Können Sanktionen ganz grundsätzlich dazu beitragen, Kriege zu beenden oder einen Regime-Wechsel herbeizuführen?

Sanktionen gibt es seit der Antike. In der Gegenwart werden sie eingesetzt, um eine Verhaltensänderung eines Staates oder eines Regimes zu bewirken oder dessen Handlungsfähigkeit einzuschränken.

Keiner der Kriege seit 1990 weder in Afghanistan, noch in Armenien, Aserbaidschan, Georgien, Irak, Jugoslawien, Kuwait, Libyen, Serbien und Kosovo, Syrien oder Tschetschenien ist durch Sanktionen verhindert oder beendet worden.

Ob Sanktionen nach dem Zweiten Weltkrieg jemals zu einem Regime-Wechsel geführt haben, ist umstritten. Ob die Sanktionen einiger weniger Staaten zum Zusammenbruch des Apartheid-Regimes in Südafrika geführt haben, wird jedenfalls bezweifelt. Im Irak haben Sanktionen in der Bevölkerung eher Trotzreaktionen ausgelöst. Die seit 1979 gegen den Iran verhängten Sanktionen haben nicht zur Entmachtung das Mullah-Regimes geführt.

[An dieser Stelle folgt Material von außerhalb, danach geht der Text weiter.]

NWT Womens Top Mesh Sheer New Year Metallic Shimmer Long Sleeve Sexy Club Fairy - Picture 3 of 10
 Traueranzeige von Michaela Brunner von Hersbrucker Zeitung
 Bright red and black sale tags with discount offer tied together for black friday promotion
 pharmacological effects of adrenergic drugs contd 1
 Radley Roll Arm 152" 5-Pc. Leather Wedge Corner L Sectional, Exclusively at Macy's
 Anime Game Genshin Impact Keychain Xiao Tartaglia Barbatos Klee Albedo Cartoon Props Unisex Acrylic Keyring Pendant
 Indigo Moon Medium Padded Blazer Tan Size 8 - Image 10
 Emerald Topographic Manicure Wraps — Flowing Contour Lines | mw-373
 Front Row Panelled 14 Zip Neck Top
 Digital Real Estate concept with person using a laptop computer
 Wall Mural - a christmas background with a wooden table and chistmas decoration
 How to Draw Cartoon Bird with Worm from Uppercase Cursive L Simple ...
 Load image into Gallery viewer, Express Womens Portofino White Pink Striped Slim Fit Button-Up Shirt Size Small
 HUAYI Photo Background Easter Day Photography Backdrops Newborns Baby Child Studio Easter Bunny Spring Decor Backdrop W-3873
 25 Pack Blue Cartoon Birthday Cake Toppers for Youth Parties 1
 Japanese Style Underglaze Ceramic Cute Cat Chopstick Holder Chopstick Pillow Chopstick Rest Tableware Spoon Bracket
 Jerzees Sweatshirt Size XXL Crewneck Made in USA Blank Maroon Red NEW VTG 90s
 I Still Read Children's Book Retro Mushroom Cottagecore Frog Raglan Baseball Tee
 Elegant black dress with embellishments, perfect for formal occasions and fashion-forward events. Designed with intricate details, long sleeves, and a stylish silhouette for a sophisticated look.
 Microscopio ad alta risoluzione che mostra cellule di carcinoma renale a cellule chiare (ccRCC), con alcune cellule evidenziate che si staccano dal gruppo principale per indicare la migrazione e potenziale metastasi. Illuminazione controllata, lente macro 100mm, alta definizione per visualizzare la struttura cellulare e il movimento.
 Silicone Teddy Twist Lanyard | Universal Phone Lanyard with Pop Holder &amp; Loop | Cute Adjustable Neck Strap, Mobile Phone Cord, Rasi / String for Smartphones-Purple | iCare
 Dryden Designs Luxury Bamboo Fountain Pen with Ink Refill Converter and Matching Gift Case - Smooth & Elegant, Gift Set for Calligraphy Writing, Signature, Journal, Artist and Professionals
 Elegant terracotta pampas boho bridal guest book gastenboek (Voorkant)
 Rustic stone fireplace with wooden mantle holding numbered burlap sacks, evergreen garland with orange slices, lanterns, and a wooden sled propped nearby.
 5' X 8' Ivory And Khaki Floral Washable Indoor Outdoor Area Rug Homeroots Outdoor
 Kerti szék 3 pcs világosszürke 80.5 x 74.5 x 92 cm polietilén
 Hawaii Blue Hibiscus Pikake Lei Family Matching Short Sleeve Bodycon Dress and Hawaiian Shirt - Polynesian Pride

Die Schwächung der Wirtschaft eines gegnerischen Staates durch Sanktionen, schwächt nicht unbedingt auch das jeweilige dort herrschende Regime, das lässt sich in Syrien oder in Nordkorea beobachten. Sanktionen sind häufig nur der Versuch, die eigene Hilflosigkeit zu kaschieren.

Erwiesenermaßen haben die schon ab dem Jahr 2014 massiven Sanktionen, die vom "Westen" gegen Russland nach der Annexion der Krim verhängt wurden, Putin nicht daran gehindert, einen völkerrechtswidrigen Krieg gegen die Ukraine vom Zaun zu brechen.

Auch die Androhung von – wie es hieß – "massiven Konsequenzen und hohen Kosten" schon vor diesem Krieg, nämlich auf dem EU-Gipfel im Dezember 2021, konnten den Einmarsch nicht aufhalten. In der gesamten Geschichte Russlands hat niemals eine Niederlage in einem Krieg zu einem Regimewechsel geführt.

Mit dem inzwischen schon neunten Sanktionspaket der EU wurde die simple Eskalationslogik immer nur beidseitig fortgesetzt, denn auch Russland eskalierte zuletzt mit einer Teilmobilmachung oder derzeit mit Raketenbeschuss auf nicht besetzte ukrainische Gebiete und mit der Zerstörung kritischer Infrastruktur im gesamten Lande. Mehr als 1.100 Orte und mehr als zehn Millionen Menschen waren in der Ukraine zeitweise ohne Strom – und das im strengen Winter.